Directors

LEWIS LOCKWOOD

Lewis Lockwood

E-mail: lockwood1216@gmail.com

BA, Queens College of the City University of New York; PhD, Princeton University. Lewis Lockwood is a musicologist of international distinction and renown. His scholarship on Renaissance music and Beethoven studies includes several award-winning books and more than a hundred articles and reviews. This depth of scholarship is matched by an impressive list of editorial and administrative accomplishments, including terms as the Editor of the Journal of the American Musicology Society (1964-1967), President of the American Musicological Society (1987-1988), and as the founding Editor of the yearbook Beethoven Forum (1992-2007). His book Music in Renaissance Ferrara (1984) received the Otto Kinkeldey Award of the American Musicological Society, and his Beethoven: the Music and the Life (2003) was a finalist for the Pulitzer Prize in the category “Biography”. The Lewis Lockwood Award of the American Musicological Society is also named in his honor.

Prof. Lockwood is the Fanny Peabody Research Professor of Music, Emeritus at Harvard University and is currently the Distinguished Senior Scholar in the Department of Musicology and Ethnomusicology at Boston University.

 

JEREMY YUDKIN

 

yudkinE-mail: yudkinj@bu.edu

Professor Jeremy Yudkin is Professor of Music at Boston University, Associated Faculty of the Department of African American Studies, and Visiting Professor of Music at Oxford University. He has also taught as Visiting Professor at Harvard University and Professeur Invité at the Ecole Normale Supérieure and the Conservatoire National Supérieur de Musique in Paris, France. Dr. Yudkin received his BA and MA in Classics and Modern Languages from Cambridge University in England and his PhD in Historical Musicology from Stanford University. He is the recipient of a Fellowship from the National Endowment for the Humanities, a Marion and Jasper Whiting Foundation Fellowship, a Class of 1960 Visiting Scholar at Williams College, a Fellowship at the Boston University Humanities Foundation, and a Research Fellowship from the Camargo Foundation. He was appointed Visiting Professor of Music at Oxford in 2006. He is the author of eight books and has written articles for the Journal of the American Musicological Society, Musica Disciplina, Speculum, Notes, The Musical Quarterly, Early Music, American Music, and Music and Letters, as well as The Salisbury Review, Berkshire Living, The Stanford Italian Review, and The American Journal of Philology.

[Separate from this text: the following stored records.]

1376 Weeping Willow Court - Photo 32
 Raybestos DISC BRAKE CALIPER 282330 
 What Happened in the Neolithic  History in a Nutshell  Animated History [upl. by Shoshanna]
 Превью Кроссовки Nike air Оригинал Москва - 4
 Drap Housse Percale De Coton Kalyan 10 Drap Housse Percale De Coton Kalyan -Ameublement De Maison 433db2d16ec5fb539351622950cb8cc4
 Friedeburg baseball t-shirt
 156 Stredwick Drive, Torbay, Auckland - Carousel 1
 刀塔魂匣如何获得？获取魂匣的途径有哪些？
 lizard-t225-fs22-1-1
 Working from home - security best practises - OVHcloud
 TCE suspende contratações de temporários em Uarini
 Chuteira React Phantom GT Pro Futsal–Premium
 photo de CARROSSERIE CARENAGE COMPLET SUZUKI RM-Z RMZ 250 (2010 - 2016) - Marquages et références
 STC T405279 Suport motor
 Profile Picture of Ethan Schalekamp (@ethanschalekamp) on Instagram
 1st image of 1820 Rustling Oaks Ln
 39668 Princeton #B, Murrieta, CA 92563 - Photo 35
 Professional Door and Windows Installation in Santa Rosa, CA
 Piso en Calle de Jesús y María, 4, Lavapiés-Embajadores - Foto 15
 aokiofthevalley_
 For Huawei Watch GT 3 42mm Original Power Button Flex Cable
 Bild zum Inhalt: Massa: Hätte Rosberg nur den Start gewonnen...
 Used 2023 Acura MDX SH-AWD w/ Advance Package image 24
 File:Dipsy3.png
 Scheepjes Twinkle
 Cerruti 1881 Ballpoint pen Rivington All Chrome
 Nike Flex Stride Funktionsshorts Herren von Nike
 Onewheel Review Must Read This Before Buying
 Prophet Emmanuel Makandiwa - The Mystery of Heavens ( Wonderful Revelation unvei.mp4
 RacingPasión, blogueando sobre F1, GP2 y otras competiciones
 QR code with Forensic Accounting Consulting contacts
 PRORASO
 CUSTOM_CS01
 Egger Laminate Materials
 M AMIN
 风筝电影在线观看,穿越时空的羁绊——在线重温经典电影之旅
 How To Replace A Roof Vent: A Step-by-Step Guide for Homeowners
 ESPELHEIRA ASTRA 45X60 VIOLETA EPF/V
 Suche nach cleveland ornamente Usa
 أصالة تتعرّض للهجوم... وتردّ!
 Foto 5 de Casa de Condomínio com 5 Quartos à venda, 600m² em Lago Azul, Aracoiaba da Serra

Professor Yudkin’s principal fields of research include medieval music, early Beethoven, popular music, and jazz. He has taught classes on medieval polyphony, the Beatles, Beethoven, Bartok, and Miles Davis, among many others. He has been nominated six times for Boston University’s highest teaching award. Jeremy Yudkin is perhaps best known for his definitive textbook Music in Medieval Europe and his highly successful music appreciation textbook Understanding Music, which is used by approximately twenty thousand students across North America every year. The video that he produced, Inside the Orchestra, detailing the history and function of the classical symphony orchestra, was the winner of a 2005 Telly Award for outstanding non-broadcast educational video. He is also the author of Johannes Thomas Freig (1543–1583): “Paedagogus”— The Chapter on Music (1983); The Music Treatise of Anonymous IV: A New Translation (1985); De musica mensurata: The Anonymous of St. Emmeram: Complete Critical Edition, Translation, and Commentary (1990); Discover Music (2004); The Lenox School of Jazz: A Vital Chapter in the History of American Music and Race Relations (2006); and Miles Davis, Miles Smiles, and the Invention of Post-Bop (2009), which won an Award for Excellence in Historical Sound Research from the Association for Recorded Sound Collections. Professor Yudkin is a contributor to The Harvard Dictionary of Music; Musicians and Composers of the Twentieth Century; From Rome to the Passing of the Gothic: Western Chant Repertoires and Their Influence on Early Polyphony; and A Companion to the Modern American Novel, 1900-1950.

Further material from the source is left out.